* **RECORDS FOR THIS EXERCISE**:
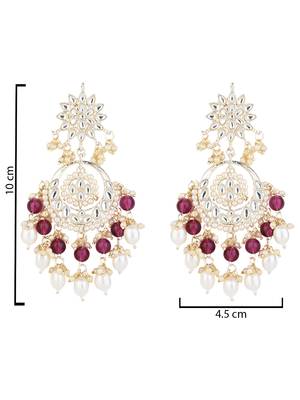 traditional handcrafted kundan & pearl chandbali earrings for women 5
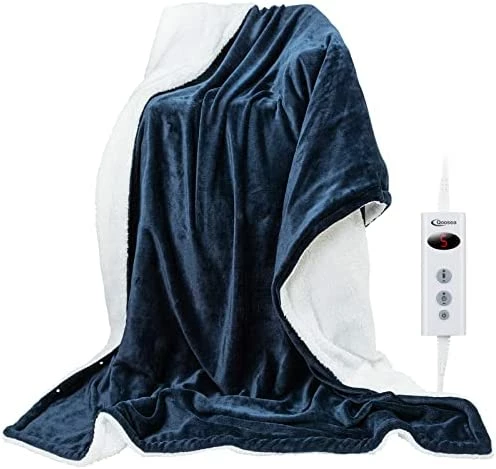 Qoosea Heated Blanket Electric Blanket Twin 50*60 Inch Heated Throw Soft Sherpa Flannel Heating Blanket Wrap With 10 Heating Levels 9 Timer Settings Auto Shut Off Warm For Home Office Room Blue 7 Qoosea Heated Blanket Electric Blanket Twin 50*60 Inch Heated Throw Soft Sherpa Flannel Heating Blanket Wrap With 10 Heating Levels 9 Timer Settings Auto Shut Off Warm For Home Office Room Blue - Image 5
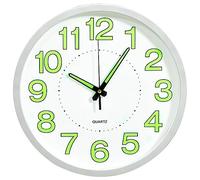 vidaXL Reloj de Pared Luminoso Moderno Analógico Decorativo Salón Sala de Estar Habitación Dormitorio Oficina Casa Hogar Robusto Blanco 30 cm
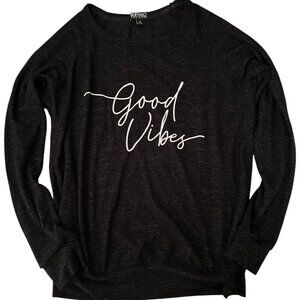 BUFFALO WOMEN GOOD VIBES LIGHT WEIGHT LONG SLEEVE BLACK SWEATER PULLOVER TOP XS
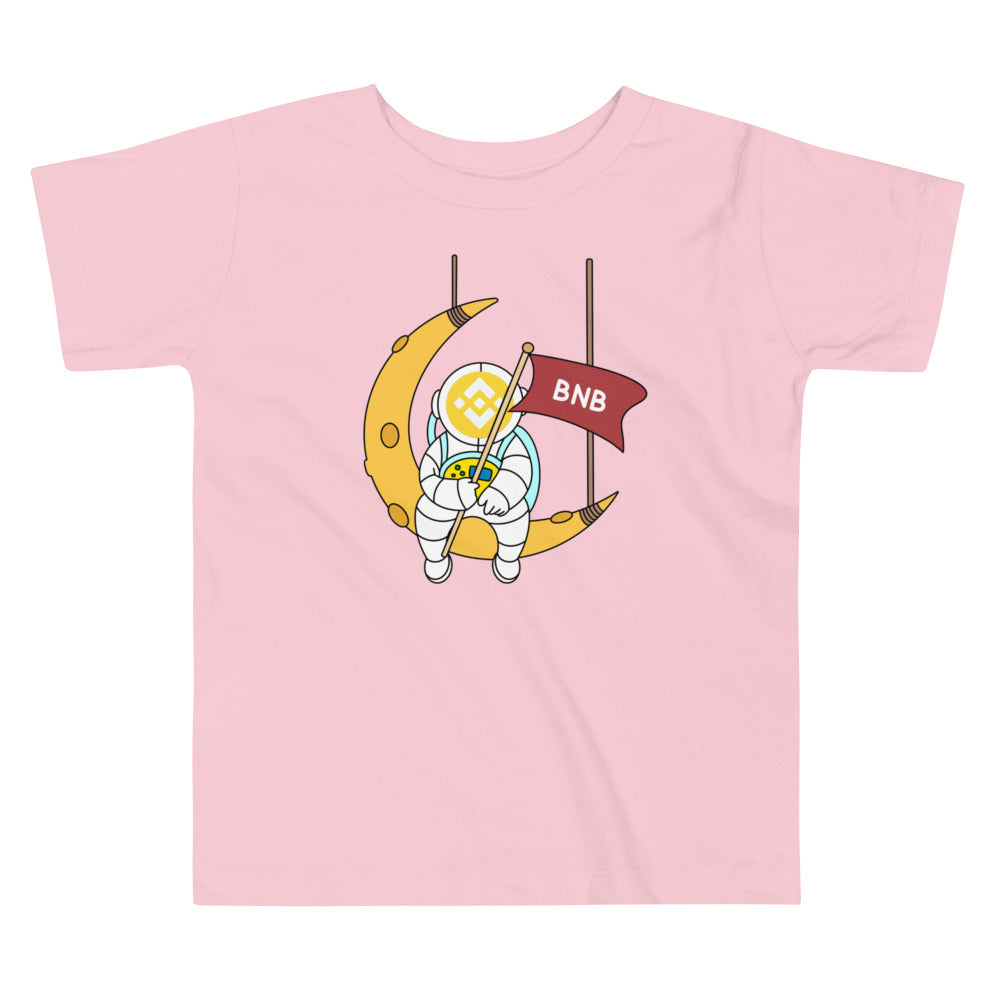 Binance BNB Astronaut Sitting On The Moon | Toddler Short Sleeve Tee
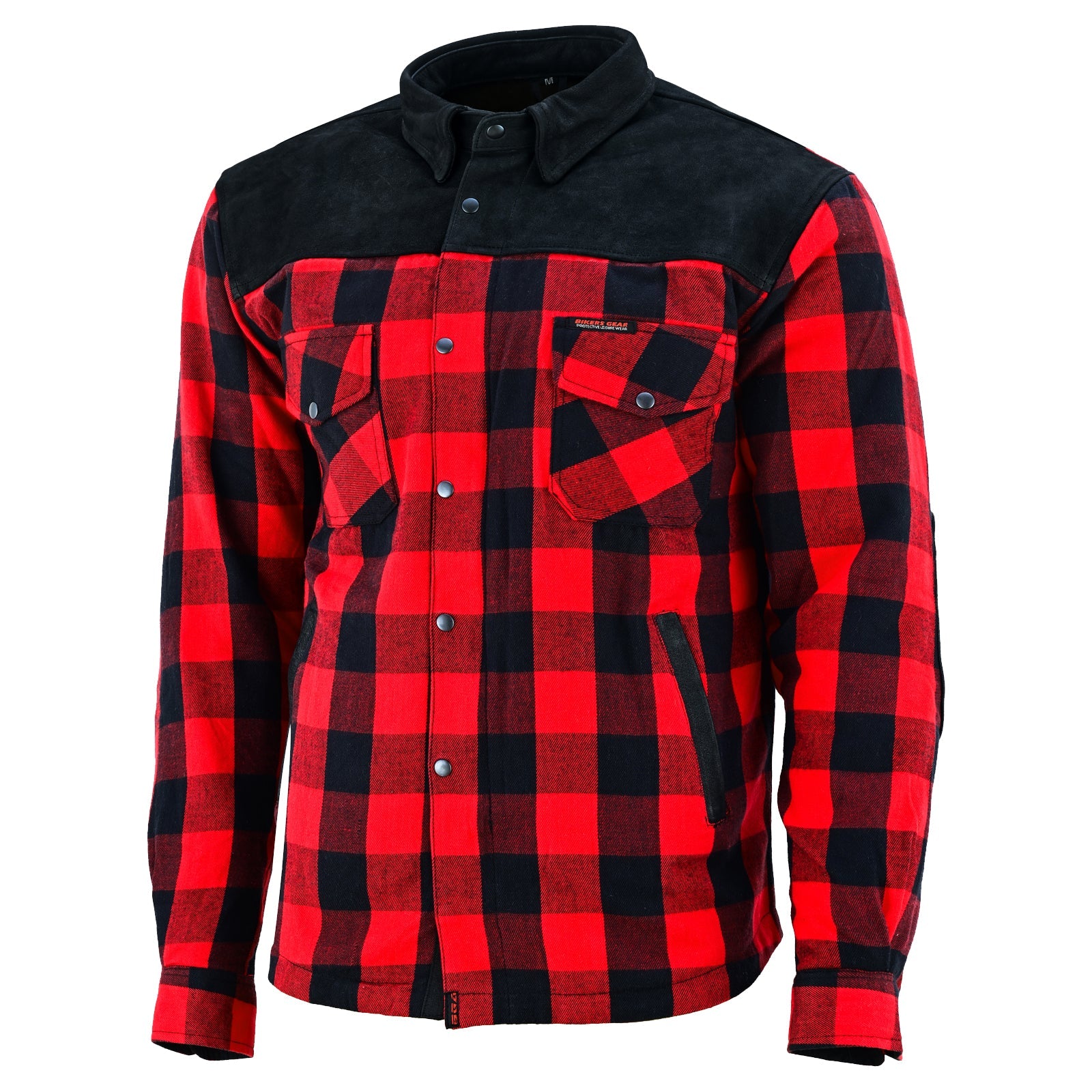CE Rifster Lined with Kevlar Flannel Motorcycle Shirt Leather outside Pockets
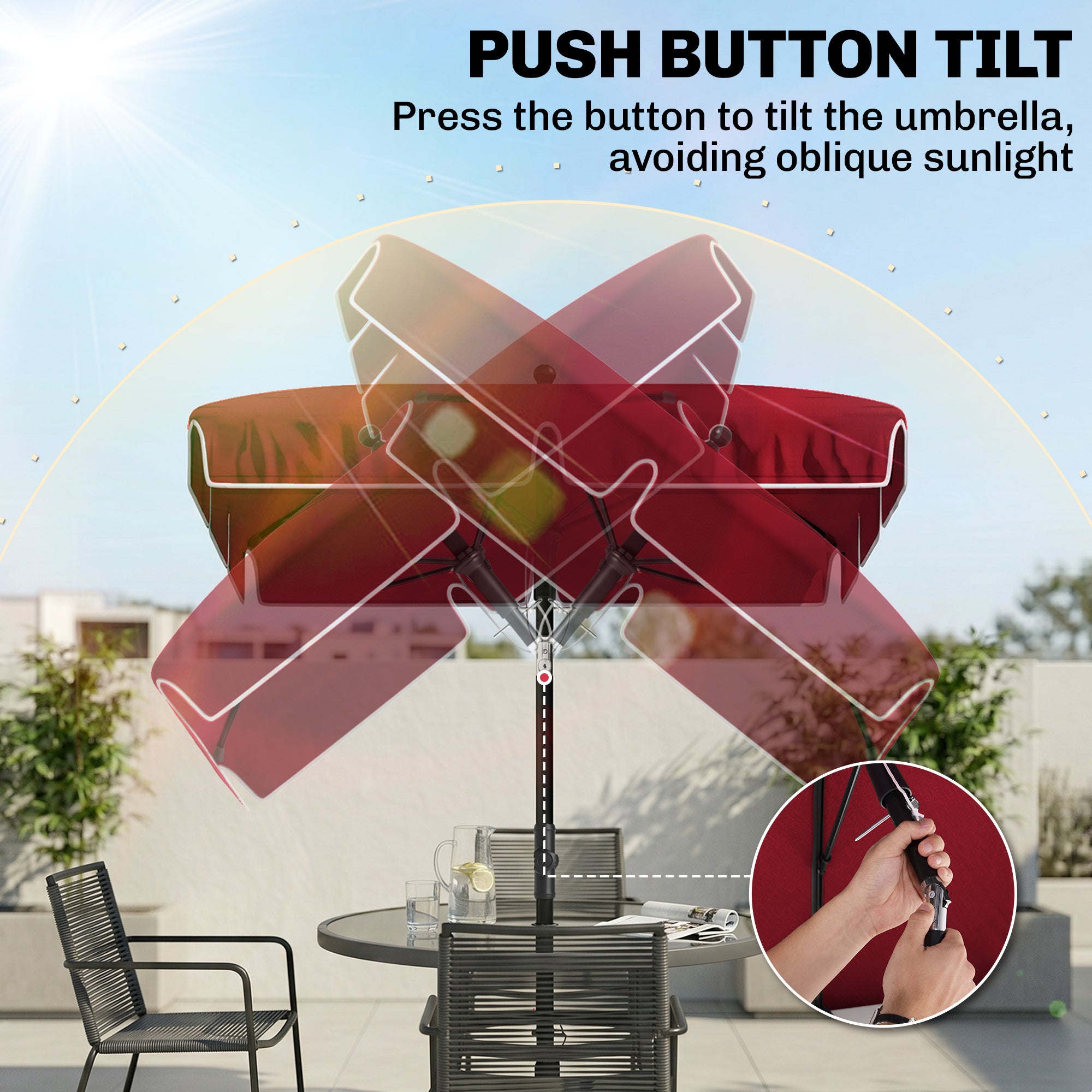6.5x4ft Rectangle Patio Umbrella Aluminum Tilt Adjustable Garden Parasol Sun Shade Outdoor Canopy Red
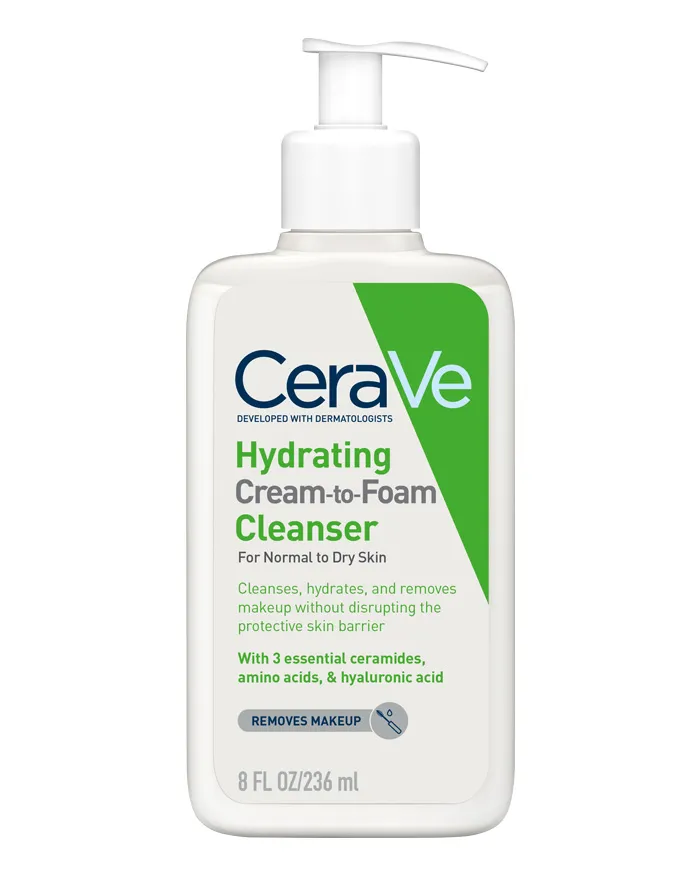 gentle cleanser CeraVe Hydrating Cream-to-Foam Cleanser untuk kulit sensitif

* **WHAT YOU NEED TO DO**:
Write every line of the data out again exactly, leaving out all images.

* **ANSWER TO THE EXERCISE**:
 traditional handcrafted kundan & pearl chandbali earrings for women 5
 Qoosea Heated Blanket Electric Blanket Twin 50*60 Inch Heated Throw Soft Sherpa Flannel Heating Blanket Wrap With 10 Heating Levels 9 Timer Settings Auto Shut Off Warm For Home Office Room Blue 7 Qoosea Heated Blanket Electric Blanket Twin 50*60 Inch Heated Throw Soft Sherpa Flannel Heating Blanket Wrap With 10 Heating Levels 9 Timer Settings Auto Shut Off Warm For Home Office Room Blue - Image 5
 vidaXL Reloj de Pared Luminoso Moderno Analógico Decorativo Salón Sala de Estar Habitación Dormitorio Oficina Casa Hogar Robusto Blanco 30 cm
 BUFFALO WOMEN GOOD VIBES LIGHT WEIGHT LONG SLEEVE BLACK SWEATER PULLOVER TOP XS
 Binance BNB Astronaut Sitting On The Moon | Toddler Short Sleeve Tee
CE Rifster Lined with Kevlar Flannel Motorcycle Shirt Leather outside Pockets
6.5x4ft Rectangle Patio Umbrella Aluminum Tilt Adjustable Garden Parasol Sun Shade Outdoor Canopy Red
 gentle cleanser CeraVe Hydrating Cream-to-Foam Cleanser untuk kulit sensitif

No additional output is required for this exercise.